The World Is A Thorn
Solid State Records
Back in 2010, when buzz was building about the new Demon Hunter album that was to be released, the words “Heaviest one yet!” and “Most melodic to date!” were pretty much interchangeable, depending on which periodical or blog site you were seeing this at. Also bandied about was that The World Is A Thorn was set to be the bestest release for the band evah! Like, for realsies, and stuff.
Please don’t mistake my sarcasm for hatred or bile. It’s due to mild disappointment, really. Because, while Demon Hunter have traversed down that road before, here the melodic elements seem to be more of the focus. Because, while the songs on The World Is A Thorn do get heavy, it’s more of the kind that you would find on most modern metal radio formats. That’s neither good nor bad, just…different than what was expected with Demon Hunter.
The opening cut, “Descending Upon Us”, has a majestic sounding opening, then settles into a heavy and solid cut with a melodic chorus. Then next cut, “LifeWar” is a simple, straight-ahead plod-along that does get a bit monotonous. Not bad, but a bit more Nu Metal than expected. “Collapsing” start off with an electronic keyboard riff, then veers once again into Modern Heavy Rock/Nu Metal territory. It’s catchy and melodic, yes; like I said earlier, it sounds like something that can be heard on the radio, easily. This same kind of pattern can be heard on cuts like “This Is The Line”, “Shallow Water” and “Feel As Though You Could”, while there are a couple of ballads with “Diving Nails” and the album closer “Blood In The Tears”.

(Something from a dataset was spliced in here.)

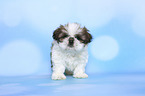 sitting Shih Tzu Puppy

Before you think that there’s really nothing remarkable about The World Is A Thorn, there are three standout gems in this: the title track, which is thrash metal in execution, which makes me wonder why they didn’t just stay with that. It’s awesome. “Tie This Around Your Neck” is nice and heavy, and “Just Breathe” is another example of the band utilizing electronics, but here it’s lending a darker hue to something already heavy and anthemic.
Overall, with only three cuts that I found to be worth repeating, buried in a bunch of more formulaic fare (I shuddered writing that), I’m going to have to say that The World Is A Thorn was more than a bit disappointing. It’s far from terrible; it’s just something of a departure of what I dig about Demon Hunter.